Сам в себе режиссер

Сергей Говорухин: “Родители, вмешиваясь в дела своих сыновей, оказывают им медвежью услугу”

Сергей Говорухин — сын режиссера Станислава Говорухина — уже давно сам является режиссером, снимает кино. Сначала документальное, а с недавнего времени — и игровое. Сергей Станиславович, по его собственным словам, вырос в семье, состоящей из представителей всех видов искусств. Мать — Юнона Карева — актриса, впоследствии режиссер-педагог Казанского театрального училища, лучшей своей выпускницей считающая актрису Чулпан Хаматову. Дедушка — архитектор и директор скульптурной фабрики. Бабушка — пианистка и певица. Ну и отчим, Марат Тазетдинов, директор Татарской государственной филармонии и великолепный бард. Но это не значит, что путь в кино ему был обеспечен с самого детства.

“Меня всегда тянуло к отцу”

— В детстве я хотел поступать в Литературный институт, — рассказывает Сергей Говорухин. — Потому что именно литература всегда была и остается моим настоящим призванием. Но мне показалось, что, будучи сценаристом, я обрету и профессию — навыки ремесла — и проще заработаю на хлеб, потому в итоге отправился поступать во ВГИК. Это была моя генеральная ошибка, потому что пристроить сценарий по тем временам было очень сложно. А как раз из литературных институтов выпускники выходили либо с большим количеством публикаций в толстых журналах, либо с собственными книжечками стихов. Хотя на самом деле и ВГИК, и Литературный институт к концу моего обучения уже не имели значения, ведь страна под названием Советский Союз агонизировала, умирала, и членство в союзах писателей и кинематографистов, которое было когда-то крайне выгодно, становилось абсолютно бесполезным.
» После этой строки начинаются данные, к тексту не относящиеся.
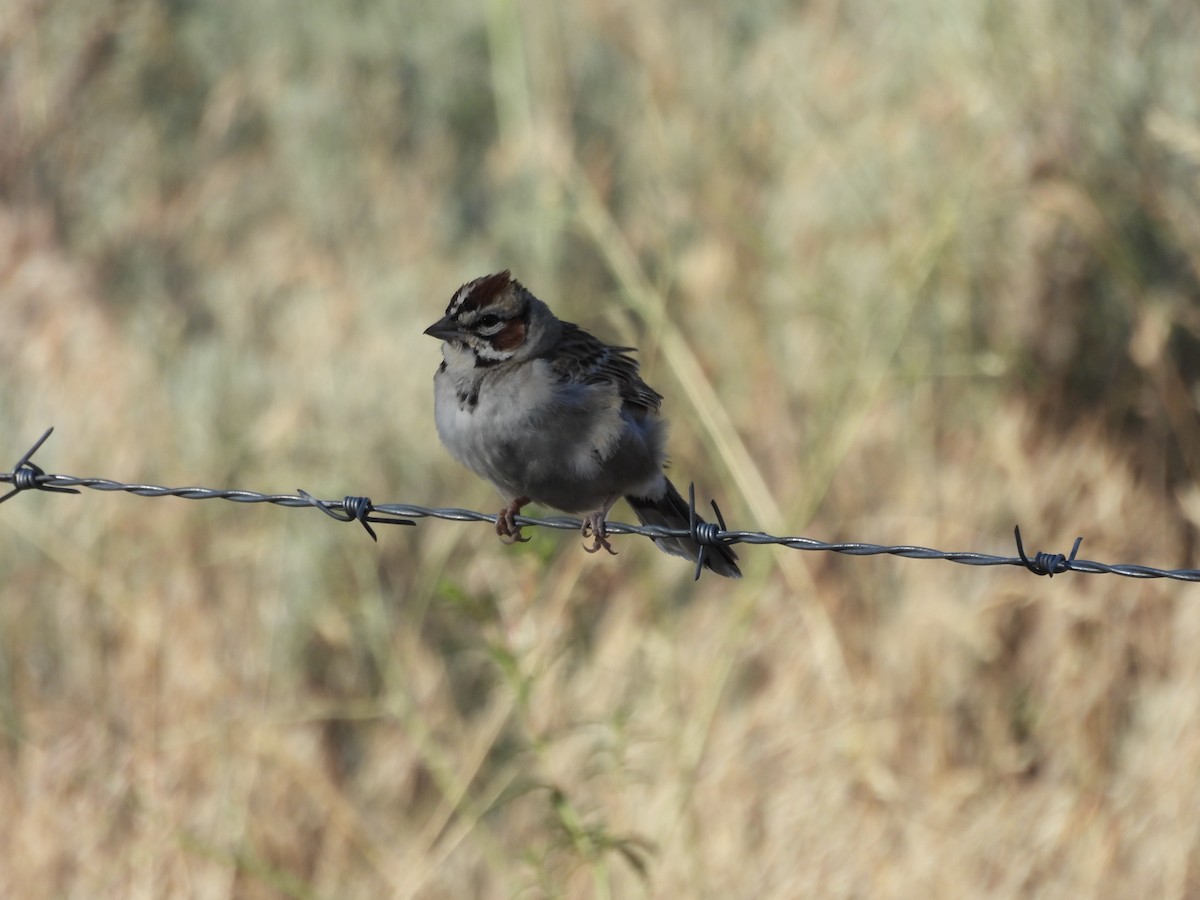 Lark Sparrow - ML639032111
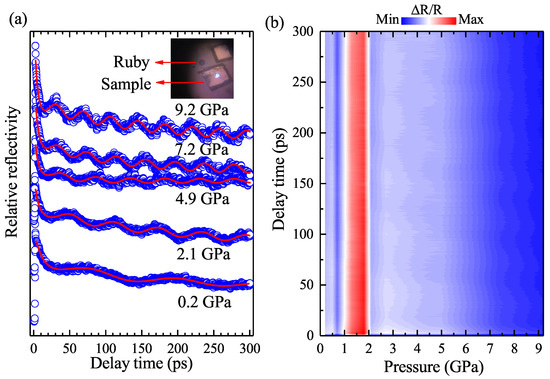 Pressure Evolution of Ultrafast Photocarrier Dynamics and Pressure Evolution of Ultrafast Photocarrier Dynamics and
Потом все начало разрушаться, в кинематографе появилось огромное количество каких-то левых людей… Я на какое-то время просто забыл, что закончил ВГИК. Писал, конечно. А в кино вернулся почти случайно и много лет спустя. В 1994 году.
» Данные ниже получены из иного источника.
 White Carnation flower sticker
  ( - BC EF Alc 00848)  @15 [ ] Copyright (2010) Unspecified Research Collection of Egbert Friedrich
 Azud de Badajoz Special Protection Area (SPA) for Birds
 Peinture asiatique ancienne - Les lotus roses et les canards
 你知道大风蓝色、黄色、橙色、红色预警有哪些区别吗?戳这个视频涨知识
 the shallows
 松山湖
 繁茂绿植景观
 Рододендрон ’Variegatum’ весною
— Давайте вернемся к вашему детству. Каково в такой творческой семье находиться ребенку?

— Очень комфортно. Я был полностью отдан сам себе. Я был не самым хорошим учеником, поэтому мою маму часто вызывали в школу, но она никогда не приходила. Говорила: “Да, я знаю, что он плохо учится, ну и что — вы предлагаете мне это услышать лично от вас?” Конечно, она понимала, что нельзя отпускать эти вожжи окончательно, потому что так можно было черт знает до чего докатиться. Я ведь рос в Казани, а если Одесса — мама, Ростов — папа, то Казань — это что-то среднее. У нас в городе и так был высокий уровень преступности, да вдобавок мы еще жили в одном из самых бандитских районов. Я не примыкал ни к кому, хотя жить в таком районе и не участвовать в его жизни было невозможно.

— И все же как-то ведь вас воспитывали?

— И мама, и отчим меня постепенно направляли в правильное русло. Например, я почти ничего не читал до шестого класса. Школьная программа меня не занимала. Никто не понимал, почему я два года мусолю такую занимательную книжку, как “Приключения Робинзона Крузо”. Но меня дома не подталкивали, не заставляли читать. Родители любят покупать детям целую гору книг, но это неправильно. Книга должна быть одна, и только когда ребенок прочитает ее, нужно покупать новую. Во всем должен быть здоровый дефицит.

Я начал читать в шестом классе сразу с книг Гайдара, а это очень серьезная литература. Поэтому я избежал всех этих Томиков в стране кенгуру, Майн Ридов и остальных приключений. Мне с самого начала привили вкус к хорошей литературе. “Судьбу барабанщика” с удовольствием перечитываю до сих пор.

— В таких творческих семьях родители обычно редко бывают дома…

— Мама была востребованной актрисой, а это значит, что с утра она была занята на репетициях, вечером на спектакле.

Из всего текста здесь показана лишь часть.